HÉLÈNE : Vous faites parler les œuvres d’art tout cet été dans Bavartdages… Cette semaine vous êtes avec un nouvel invité… mais vous ne pouvez pas nous dire où ?
JULIEN : Eh non Hélène, je m’y suis engagé auprès du propriétaire de mon invité de la semaine… Tout ce que je peux vous dire c’est que je suis quelque part en Europe avec une planche de BD, un hors-texte de Tintin en Amérique signé Hergé, qui a été vendu aux enchères en avril dernier pour la somme de 753.000 euros. Bonjour !
TINTIN : Bonjour ! Merci de respecter l’anonymat de mon propriétaire. Ce bachibouzouk n’aurait pas aimé, mille millions de mille sabords !
JULIEN : Oh non vous n’allez pas nous faire le coup des jurons du capitaine Haddock ?
TINTIN : Pourquoi ? Ça vous pose problème, espèce de bougre d’extrait de cornichon ?
Un temps.
TINTIN : Mais non, c’est une blague, ha ha. En plus ce serait anachronique, le capitaine Haddock n’existait pas quand Georges Rémi… pardon, enfin Hergé m’a dessiné.
JULIEN : Ouf. Alors vous êtes un grand dessin sur lequel on voit Tintin dans les rues de New York sur une voiture qui course un autre véhicule en lui tirant dessus…
TINTIN : C’est bien ça.
JULIEN : Et sur le fond comme sur la forme c’est une planche assez surprenante…
HÉLÈNE : Oui c’est vrai qu’on n’a pas l’habitude de voir Tintin revolver à la main en train de tirer…
TINTIN : C’est assez vrai. On voit assez peut Tintin avec des armes dans ses albums. Il fait plutôt usage de sa ruse en général. Mais j’aurais tendance à dire que quand mon héros prend une arme en main, c’est en général pour servir de bonnes causes… Et puis vous imaginez, dans un album où un grand bandit comme Al Capone est le grand méchant ! Un héros sans arme ! C’aurait été insensé ! On est à Chicago tout de même, pas sur la Lune !
JULIEN : Mais alors ce qui est le plus étonnant, c’est que nous avons relu ici Tintin en Amérique pour préparer cette interview, on a bien cherché et on ne vous y a pas trouvé !

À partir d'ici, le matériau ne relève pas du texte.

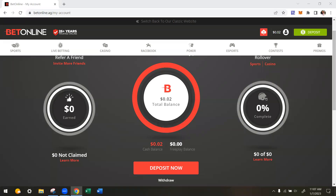Hey everyone, welcome back to our next video. If you like our content, please like this video, subscribe to our channel, click that bell icon, and you'll be notified of the next video. Also in the description, please see the number one way we know of to take your sportsbook and casino bonuses and turn them into cash. Now in this video, we're going to show you how to withdraw money from BetOnline offshore sportsbook and casino.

TINTIN : C’est parce que je suis un hors-texte, un dessin crée par Hergé dans le processus de création de l’album…. mais je ne fais pas partie de l’histoire.
JULIEN : Et c’est pour ça que, vous êtes un grand format sans aucune bulle…
TINTIN : Phylactère.
JULIEN : Quoi ?
TINTIN : Les « bulles de BD » comme vous dites, ça s’appelle des phylactères.
JULIEN : Oui bon vous n’allez pas jouer avec les mots, au fond le…
HÉLÈNE : Non non Julien, il a raison là.
JULIEN : Soupir. Soit. DONC. Un hors-texte c’est donc un dessin où il n’y a pas de… phylactères, donc pas de texte ?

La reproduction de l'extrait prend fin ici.